The Third Edition of the New American Webster Handy College Dictionary tells us that the word dinosaur came into being in the 19th century from the Greek deinos (terrible) and sauros (lizard). Thus Anglicized, the word dinosaur means terrible lizard and, as the dictionary further amplifies, a extinct gigantic reptile. I here note that such a description is far removed from a description of the cute little gecko lizards who sell us insurance on television these days, but it appears these cute little lizards are going to go the same route as their (really) big brothers into the pit of extinction not all that long from now, an end by drowning and loss of food source due to simultaneous extinction of insect prey. Water already covers most of the earth, and is set to finish the job. Insurance is not likely to be available from geckos or any other living being in such a chaotic era when human survival and civilization are at stake.

We are told by scientists that the geckos’ much bigger brothers, the terrible lizards, became extinct as a result of a collision of a large asteroid with our planet some 65 million years ago. Our predecessors (whoever they were) managed to survive this debacle and perhaps wound up better off with extinction of these terrible lizards since such prehistoric hominids were probably prey in a world ruled by dinosaurs. (Now we descendants of such hominids prey on one another in more sundry and subtle ways, but that is fodder for another essay, not this one.)

With the foregoing as prelude, this essay is not about dinosaurs per se, it is rather about the secondary meaning adjectivally assigned by the dictionary to the word dinosaur via the term “dinosaurian” and it is this: “Anything outmoded or resistant to change.” Thus those who favored square wheels over round ones in history and those lately who favor typewriters over computers could be called dinosaurian. Such “dinosaurs” by their choices are out of step with both history and reality. Square wheels would not prosper on today’s interstates, and typewriters cannot send and receive messages. Science and innovation have thus changed the ways we travel and communicate – and much more.

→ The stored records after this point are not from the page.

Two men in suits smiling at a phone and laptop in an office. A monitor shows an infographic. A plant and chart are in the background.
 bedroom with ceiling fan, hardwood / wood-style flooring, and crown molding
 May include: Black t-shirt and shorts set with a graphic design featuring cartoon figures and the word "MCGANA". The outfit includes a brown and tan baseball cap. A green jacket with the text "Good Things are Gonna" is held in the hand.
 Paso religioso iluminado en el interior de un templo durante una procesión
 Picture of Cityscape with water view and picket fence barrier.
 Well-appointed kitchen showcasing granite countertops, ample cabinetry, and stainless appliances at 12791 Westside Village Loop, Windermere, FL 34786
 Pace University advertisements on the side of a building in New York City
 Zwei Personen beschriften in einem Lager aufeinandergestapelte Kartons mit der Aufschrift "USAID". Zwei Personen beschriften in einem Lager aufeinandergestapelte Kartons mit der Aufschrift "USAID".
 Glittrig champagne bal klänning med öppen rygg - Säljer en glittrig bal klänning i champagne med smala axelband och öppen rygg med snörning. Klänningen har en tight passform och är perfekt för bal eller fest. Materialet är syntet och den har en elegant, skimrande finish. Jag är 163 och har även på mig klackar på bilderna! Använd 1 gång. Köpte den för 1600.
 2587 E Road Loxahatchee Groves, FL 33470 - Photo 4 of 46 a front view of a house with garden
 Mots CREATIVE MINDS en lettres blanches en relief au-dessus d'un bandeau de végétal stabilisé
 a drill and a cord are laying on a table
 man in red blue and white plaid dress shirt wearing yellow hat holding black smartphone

Science now tells us that there is global warming not just on our horizon but in effect today with the melting of the Greenland and Antarctic icecaps and starving polar bears in the Arctic where the ice floes are melting and thus no seals (polar bears’ prey) are available. Fishermen in the Gulf of Alaska are netting tropical fish and debris never seen there before. The oceans are measurably warming and increasing in volume. Temperatures of both air and water are measurably increasing due to increased gaseous content in the atmosphere, gases created in large measure by human burning of fossil fuels.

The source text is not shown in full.